И он не обманул меня, и уже через три месяца я получил от Чаматы маленькую открытку, в которой он благодарил меня за проделанную работу. Это было где-то в конце марта, и я с нетерпением стал ждать открытия скакового сезона в мае месяце. Я написал Чамате довольно большое теплое письмо и в конце послания просил его, когда он приедет в Москву, позвонить мне в юридическую консультацию либо домой, и даже предложил ему остановиться у меня, а не болтаться по общежитиям. Ответа на свое письмо я не получил, но это нисколько не смутило меня.

18 мая, в первый день нового скакового сезона, я шел на ипподром как на праздник. Купил программку и судорожно ее перелистал. Знакомой фамилии не было. Ничего, успокоил я себя, запишут Чамату в следующий раз, но и в следующий раз Чамата не скакал. На трибуне объяснили причину: ему не разрешили скакать в Москве, и он скачет в Ростове. Появился Чамата на московском ипподроме примерно за месяц до закрытия скакового сезона. Я раскрыл программку и ахнул: знакомая фамилия — на кобыле Элишань скачет Чамата. Я конечно же сыграл его, и он на своей кобыле вел почти всю дистанцию, и когда я уже в уме подсчитывал, какую сумму отхвачу за Чамату, так как его почти никто из игроков не играл, на самом финише его обыграл Пастухов, который скакал на Ферзе. Но это я играл сам, по-дилетантски, не зная, едет или не едет он на выигрыш, а вот в следующий беговой день, когда он поскачет снова и я буду точно знать — играть его или не играть, вот тогда, думал я, я уже не промахнусь и сыграю его наверняка, и не одним рубликом, а может быть, даже десяткой.

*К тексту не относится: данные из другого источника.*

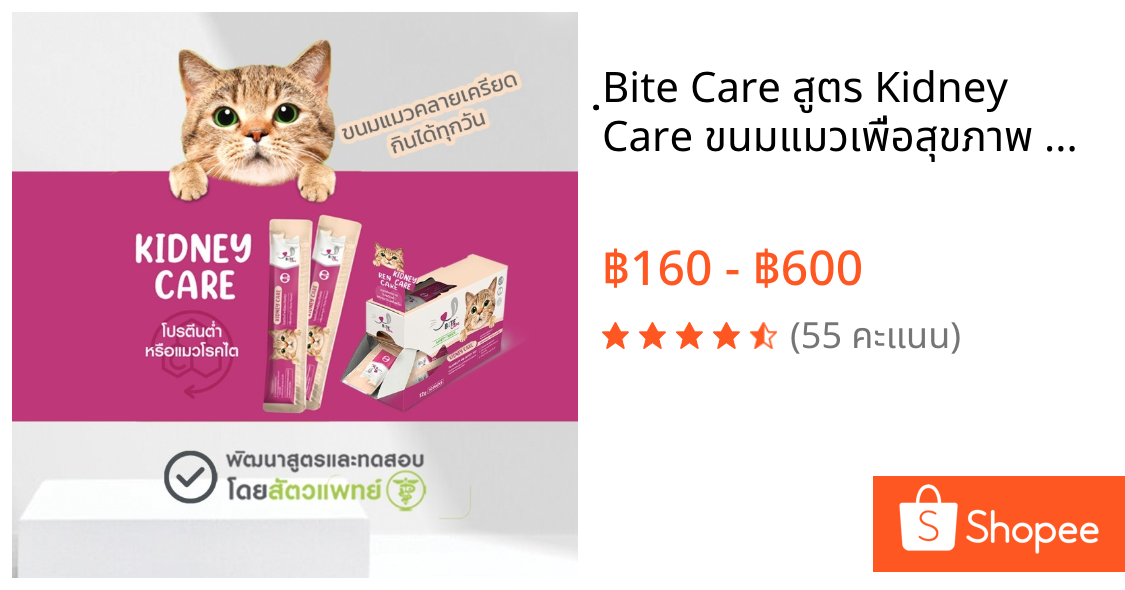 ฺฺBite Care สูตร Kidney Care ขนมแมวเพื่อสุขภาพ สูตรถนอมไต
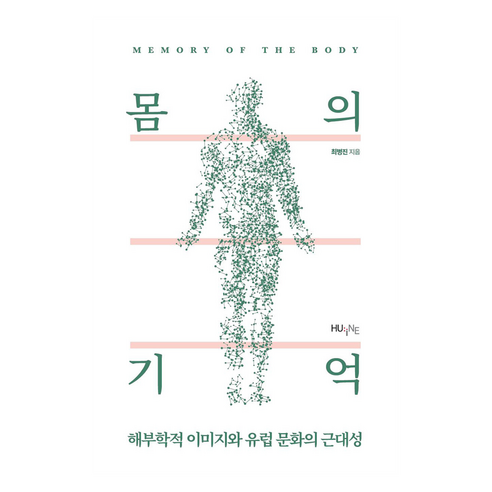 몸의 기억, 최병진, HUINE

За программкой на воскресенье поехал заранее и не успел отойти от киоска, тут же развернул ее: Чамата скакал сразу в двух скачках, и в обеих мог выиграть, а мог проиграть, все зависело от того, как он договорится с другими жокеями, которые скакали вместе с ним, а главное, от того, поскачет он на выигрыш или нет, а об этом можно узнать только от него самого. Но как связаться с ним? Если бы он скакал с начала сезона, то наверняка жил бы в общежитии ипподрома вместе с другими скакунами, а так он мог на день-два остановиться у каких-либо знакомых. Придется ждать до воскресенья и перед самым заездом послать кого-нибудь в конюшню, ну хоть бы Ваню-Ваню, и узнать, едет или не едет Чамата на выигрыш, и если едет, то в какой скачке, в третьей или в седьмой. Хорошо бы увидеть Ваню-Ваню заранее, он сбегает, не откажет мне в этой маленькой любезности. Ваня-Ваня уважает меня и все узнает у Чаматы и про скачки, а может, что-нибудь пронюхает и про заезды, чтобы нам легче было угадать края. Одно лишь сомнение мучило меня: «А вдруг Чамата сделает вид, что забыл меня и никакого адвоката не помнит, и пошлет моего гонца куда подальше». Ведь не случайно же Бальзак в «Отце Горио» написал, что люди трех профессий не могут уважать других людей, и среди этих профессий назван адвокат. И я сам, по своему опыту, уже успел убедиться в черной неблагодарности клиентов. Некоторые из них не только бы с удовольствием забыли про меня, но если бы у них была хоть какая-то возможность, но и сотворили какую-нибудь подлянку. Но я гнал от себя прочь эти черные мысли.